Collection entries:
= Beginning of Section =

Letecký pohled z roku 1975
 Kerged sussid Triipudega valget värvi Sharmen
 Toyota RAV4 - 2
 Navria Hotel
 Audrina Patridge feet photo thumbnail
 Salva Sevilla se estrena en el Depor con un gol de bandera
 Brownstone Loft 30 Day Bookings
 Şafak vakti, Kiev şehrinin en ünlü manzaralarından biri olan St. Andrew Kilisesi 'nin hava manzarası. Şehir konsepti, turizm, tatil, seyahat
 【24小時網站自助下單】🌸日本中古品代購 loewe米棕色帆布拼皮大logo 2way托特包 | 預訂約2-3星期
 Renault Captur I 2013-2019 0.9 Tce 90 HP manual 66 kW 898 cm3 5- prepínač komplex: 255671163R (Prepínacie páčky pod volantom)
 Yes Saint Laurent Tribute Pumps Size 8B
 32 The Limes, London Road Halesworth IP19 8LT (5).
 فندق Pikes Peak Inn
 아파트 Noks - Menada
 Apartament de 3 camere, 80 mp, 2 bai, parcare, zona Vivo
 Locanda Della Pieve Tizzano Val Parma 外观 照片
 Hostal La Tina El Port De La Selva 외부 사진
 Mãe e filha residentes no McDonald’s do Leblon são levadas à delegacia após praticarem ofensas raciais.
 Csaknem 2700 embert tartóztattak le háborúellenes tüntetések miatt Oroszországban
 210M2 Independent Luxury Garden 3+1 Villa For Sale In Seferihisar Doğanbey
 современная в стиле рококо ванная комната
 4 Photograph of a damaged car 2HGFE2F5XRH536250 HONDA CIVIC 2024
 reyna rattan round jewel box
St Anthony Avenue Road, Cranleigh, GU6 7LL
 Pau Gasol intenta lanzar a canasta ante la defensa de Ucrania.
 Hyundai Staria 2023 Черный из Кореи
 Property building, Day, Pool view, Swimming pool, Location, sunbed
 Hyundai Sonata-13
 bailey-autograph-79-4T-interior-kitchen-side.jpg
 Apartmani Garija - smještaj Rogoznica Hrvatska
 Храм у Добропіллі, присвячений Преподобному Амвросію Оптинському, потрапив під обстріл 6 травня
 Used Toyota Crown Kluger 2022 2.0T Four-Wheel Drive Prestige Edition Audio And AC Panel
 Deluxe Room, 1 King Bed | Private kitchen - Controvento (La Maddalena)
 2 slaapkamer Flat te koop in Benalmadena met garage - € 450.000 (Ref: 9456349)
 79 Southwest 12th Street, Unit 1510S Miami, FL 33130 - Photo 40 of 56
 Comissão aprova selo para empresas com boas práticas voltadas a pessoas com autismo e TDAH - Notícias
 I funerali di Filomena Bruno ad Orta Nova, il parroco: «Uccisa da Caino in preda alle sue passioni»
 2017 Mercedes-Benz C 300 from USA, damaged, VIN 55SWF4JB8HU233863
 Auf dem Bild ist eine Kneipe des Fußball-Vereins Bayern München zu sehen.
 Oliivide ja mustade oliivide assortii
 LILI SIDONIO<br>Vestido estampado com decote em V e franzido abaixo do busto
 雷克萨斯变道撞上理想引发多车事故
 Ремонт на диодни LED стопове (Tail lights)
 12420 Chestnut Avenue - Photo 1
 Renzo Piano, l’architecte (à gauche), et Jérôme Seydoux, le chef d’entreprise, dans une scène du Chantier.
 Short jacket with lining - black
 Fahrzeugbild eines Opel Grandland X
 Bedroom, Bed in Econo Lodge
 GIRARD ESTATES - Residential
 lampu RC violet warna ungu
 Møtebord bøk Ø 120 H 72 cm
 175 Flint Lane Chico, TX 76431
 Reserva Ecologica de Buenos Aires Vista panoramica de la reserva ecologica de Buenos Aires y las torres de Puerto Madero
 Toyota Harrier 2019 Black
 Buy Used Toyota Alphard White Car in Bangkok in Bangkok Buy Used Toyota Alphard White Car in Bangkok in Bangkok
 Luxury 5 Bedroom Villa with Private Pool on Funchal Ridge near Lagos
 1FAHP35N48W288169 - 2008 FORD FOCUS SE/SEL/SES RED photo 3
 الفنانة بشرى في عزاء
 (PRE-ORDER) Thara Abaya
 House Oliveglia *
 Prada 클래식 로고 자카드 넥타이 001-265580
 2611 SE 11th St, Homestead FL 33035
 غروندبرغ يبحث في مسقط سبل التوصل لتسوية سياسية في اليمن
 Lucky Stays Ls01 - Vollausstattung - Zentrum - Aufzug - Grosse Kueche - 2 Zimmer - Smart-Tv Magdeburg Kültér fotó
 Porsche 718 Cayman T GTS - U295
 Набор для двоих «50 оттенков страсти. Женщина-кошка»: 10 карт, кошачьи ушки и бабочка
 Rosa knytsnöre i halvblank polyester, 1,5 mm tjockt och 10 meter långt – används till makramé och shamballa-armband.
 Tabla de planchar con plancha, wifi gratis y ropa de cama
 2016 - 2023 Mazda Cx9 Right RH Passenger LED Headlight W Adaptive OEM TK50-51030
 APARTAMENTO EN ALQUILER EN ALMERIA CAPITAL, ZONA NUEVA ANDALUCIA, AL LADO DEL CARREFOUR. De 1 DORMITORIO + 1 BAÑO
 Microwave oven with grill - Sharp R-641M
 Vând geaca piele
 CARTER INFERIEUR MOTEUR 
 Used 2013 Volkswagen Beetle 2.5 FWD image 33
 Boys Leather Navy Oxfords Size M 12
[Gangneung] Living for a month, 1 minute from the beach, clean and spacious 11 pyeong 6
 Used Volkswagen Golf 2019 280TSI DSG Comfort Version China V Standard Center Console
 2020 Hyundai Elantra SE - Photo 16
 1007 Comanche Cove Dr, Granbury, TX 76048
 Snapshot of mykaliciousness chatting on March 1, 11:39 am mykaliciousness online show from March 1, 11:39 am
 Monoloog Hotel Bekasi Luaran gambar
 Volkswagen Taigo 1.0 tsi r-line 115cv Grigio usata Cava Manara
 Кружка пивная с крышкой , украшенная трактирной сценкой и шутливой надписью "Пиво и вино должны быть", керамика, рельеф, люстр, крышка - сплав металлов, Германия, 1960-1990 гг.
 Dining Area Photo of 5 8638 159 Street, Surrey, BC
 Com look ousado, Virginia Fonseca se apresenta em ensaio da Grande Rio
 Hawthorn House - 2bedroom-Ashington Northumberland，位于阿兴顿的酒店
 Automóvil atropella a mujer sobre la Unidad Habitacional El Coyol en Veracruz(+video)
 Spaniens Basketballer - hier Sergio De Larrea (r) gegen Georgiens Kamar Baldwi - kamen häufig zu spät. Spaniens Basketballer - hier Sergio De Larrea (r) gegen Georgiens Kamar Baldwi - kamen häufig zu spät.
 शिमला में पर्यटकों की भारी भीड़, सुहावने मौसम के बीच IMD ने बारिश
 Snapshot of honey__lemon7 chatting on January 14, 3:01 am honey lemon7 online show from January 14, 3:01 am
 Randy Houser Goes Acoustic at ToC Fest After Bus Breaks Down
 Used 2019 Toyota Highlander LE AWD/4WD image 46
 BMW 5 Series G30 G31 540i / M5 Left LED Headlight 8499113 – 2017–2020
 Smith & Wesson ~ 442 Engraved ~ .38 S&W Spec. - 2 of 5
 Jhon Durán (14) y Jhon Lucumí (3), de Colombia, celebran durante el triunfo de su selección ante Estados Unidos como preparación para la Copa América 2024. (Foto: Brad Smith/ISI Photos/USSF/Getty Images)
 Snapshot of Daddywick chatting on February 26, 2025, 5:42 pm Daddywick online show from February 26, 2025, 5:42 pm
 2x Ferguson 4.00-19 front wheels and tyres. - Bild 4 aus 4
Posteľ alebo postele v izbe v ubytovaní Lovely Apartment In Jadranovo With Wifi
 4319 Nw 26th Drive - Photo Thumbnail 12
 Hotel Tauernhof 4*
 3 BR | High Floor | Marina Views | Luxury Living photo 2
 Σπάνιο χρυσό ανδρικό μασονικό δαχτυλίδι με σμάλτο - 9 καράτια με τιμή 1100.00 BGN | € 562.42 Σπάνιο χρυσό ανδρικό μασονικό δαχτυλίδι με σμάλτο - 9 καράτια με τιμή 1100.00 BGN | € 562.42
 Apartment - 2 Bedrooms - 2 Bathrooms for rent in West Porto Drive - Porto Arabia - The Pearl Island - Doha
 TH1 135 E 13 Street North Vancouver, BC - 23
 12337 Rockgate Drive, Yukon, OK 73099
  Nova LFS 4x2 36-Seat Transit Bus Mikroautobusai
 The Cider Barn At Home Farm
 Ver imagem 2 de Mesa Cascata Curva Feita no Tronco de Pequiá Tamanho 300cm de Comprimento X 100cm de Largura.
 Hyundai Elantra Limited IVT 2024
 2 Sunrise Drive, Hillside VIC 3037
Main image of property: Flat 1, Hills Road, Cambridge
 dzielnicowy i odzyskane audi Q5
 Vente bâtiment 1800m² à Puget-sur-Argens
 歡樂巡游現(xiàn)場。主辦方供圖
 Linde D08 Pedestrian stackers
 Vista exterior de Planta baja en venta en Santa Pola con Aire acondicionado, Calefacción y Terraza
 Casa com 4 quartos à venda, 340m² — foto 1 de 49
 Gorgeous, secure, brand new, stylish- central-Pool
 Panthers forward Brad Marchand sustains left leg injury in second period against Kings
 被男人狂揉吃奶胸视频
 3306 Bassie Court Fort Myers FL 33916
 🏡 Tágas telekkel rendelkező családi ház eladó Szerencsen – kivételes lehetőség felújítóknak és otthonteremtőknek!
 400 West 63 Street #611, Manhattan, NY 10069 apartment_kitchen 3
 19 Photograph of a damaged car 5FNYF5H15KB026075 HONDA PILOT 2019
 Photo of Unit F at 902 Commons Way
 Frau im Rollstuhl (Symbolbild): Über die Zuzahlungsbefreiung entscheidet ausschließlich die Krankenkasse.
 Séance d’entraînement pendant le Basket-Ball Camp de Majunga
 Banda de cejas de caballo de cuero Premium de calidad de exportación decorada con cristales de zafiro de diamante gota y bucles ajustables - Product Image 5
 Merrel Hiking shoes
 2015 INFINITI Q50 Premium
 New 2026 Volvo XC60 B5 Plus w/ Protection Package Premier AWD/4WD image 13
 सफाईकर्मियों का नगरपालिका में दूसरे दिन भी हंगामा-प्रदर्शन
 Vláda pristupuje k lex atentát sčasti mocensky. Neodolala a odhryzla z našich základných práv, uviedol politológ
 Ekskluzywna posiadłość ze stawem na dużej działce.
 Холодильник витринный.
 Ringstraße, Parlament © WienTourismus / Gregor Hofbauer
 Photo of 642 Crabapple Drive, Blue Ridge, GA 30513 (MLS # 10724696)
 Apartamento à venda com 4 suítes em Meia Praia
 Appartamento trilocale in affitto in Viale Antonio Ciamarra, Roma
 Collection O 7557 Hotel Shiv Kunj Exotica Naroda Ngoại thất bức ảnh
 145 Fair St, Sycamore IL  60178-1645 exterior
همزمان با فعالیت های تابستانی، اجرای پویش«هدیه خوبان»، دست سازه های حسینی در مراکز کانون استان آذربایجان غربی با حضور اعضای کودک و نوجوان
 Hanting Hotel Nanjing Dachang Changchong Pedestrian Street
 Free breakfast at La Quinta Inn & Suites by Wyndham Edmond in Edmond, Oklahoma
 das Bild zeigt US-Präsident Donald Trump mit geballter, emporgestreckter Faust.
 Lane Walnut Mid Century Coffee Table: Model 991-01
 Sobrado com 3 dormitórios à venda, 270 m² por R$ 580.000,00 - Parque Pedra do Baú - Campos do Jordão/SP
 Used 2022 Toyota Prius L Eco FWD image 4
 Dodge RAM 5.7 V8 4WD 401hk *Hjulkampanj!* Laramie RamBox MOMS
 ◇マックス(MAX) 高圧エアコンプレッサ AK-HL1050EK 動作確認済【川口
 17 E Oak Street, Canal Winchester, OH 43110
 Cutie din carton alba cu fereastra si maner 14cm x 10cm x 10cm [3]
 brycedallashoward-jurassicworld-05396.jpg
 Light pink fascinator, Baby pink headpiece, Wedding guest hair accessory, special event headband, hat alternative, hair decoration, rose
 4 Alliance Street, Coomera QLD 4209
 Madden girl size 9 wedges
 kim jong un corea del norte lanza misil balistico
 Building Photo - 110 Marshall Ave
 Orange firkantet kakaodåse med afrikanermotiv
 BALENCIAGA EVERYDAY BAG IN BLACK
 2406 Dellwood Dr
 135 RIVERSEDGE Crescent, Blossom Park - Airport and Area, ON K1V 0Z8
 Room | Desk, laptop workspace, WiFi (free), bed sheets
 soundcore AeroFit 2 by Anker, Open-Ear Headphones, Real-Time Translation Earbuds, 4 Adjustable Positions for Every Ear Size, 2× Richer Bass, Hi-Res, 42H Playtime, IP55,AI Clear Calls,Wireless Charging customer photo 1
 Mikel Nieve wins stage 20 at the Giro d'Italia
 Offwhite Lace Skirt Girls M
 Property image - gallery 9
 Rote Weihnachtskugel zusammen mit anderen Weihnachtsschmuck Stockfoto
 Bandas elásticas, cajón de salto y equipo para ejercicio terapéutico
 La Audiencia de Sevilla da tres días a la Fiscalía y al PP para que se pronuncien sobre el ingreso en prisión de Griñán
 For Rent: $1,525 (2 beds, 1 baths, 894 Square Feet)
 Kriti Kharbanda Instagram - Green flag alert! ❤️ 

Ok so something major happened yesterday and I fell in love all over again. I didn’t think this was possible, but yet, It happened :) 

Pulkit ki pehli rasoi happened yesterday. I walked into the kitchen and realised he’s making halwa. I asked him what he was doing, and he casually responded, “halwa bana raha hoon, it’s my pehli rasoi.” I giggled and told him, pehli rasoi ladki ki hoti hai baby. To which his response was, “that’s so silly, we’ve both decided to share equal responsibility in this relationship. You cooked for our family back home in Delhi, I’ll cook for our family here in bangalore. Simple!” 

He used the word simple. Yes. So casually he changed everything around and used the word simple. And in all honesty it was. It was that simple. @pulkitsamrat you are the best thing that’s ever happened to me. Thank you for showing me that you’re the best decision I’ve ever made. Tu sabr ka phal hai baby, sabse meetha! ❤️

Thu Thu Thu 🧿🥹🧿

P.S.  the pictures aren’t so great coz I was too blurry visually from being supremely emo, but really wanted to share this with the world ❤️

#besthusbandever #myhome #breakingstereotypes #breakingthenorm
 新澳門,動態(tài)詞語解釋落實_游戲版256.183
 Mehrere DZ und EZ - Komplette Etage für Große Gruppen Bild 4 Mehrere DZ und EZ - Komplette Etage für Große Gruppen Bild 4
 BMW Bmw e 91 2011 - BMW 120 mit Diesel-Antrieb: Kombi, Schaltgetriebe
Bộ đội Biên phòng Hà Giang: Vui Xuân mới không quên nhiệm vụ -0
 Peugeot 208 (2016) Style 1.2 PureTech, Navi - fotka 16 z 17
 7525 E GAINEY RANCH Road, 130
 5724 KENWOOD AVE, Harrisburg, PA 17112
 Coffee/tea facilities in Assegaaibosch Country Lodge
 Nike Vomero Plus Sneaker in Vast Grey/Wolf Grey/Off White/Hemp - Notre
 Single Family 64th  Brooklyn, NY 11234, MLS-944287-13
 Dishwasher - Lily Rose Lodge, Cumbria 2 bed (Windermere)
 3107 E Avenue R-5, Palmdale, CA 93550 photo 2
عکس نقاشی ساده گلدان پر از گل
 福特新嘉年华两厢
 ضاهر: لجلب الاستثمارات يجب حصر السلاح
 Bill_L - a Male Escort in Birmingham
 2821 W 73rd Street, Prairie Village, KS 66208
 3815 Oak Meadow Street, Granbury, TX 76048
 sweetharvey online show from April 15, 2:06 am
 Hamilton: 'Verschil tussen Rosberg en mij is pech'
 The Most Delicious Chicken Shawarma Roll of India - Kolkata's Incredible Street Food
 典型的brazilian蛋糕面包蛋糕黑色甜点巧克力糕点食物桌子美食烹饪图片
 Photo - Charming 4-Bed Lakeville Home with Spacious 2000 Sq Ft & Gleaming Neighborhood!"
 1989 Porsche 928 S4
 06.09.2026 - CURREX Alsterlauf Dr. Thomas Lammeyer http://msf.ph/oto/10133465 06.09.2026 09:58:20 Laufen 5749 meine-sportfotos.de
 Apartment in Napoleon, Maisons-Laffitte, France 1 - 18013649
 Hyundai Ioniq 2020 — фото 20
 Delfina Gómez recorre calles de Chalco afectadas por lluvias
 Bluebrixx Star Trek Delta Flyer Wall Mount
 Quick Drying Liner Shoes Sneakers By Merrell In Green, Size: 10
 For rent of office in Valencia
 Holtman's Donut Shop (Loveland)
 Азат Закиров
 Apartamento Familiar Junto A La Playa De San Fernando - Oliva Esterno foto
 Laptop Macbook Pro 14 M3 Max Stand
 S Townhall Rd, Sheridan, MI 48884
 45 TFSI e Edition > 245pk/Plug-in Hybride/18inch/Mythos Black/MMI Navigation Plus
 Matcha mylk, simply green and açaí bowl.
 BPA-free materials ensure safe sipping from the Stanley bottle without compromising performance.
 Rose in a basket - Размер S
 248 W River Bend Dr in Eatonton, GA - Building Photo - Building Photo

= End of Section =

Work item:
Set down exactly the lines from the start of the records to the line with "Apartament de 3". Include that line, and add nothing more.

Final answer:
Letecký pohled z roku 1975
 Kerged sussid Triipudega valget värvi Sharmen
 Toyota RAV4 - 2
 Navria Hotel
 Audrina Patridge feet photo thumbnail
 Salva Sevilla se estrena en el Depor con un gol de bandera
 Brownstone Loft 30 Day Bookings
 Şafak vakti, Kiev şehrinin en ünlü manzaralarından biri olan St. Andrew Kilisesi 'nin hava manzarası. Şehir konsepti, turizm, tatil, seyahat
 【24小時網站自助下單】🌸日本中古品代購 loewe米棕色帆布拼皮大logo 2way托特包 | 預訂約2-3星期
 Renault Captur I 2013-2019 0.9 Tce 90 HP manual 66 kW 898 cm3 5- prepínač komplex: 255671163R (Prepínacie páčky pod volantom)
 Yes Saint Laurent Tribute Pumps Size 8B
 32 The Limes, London Road Halesworth IP19 8LT (5).
 فندق Pikes Peak Inn
 아파트 Noks - Menada
 Apartament de 3 camere, 80 mp, 2 bai, parcare, zona Vivo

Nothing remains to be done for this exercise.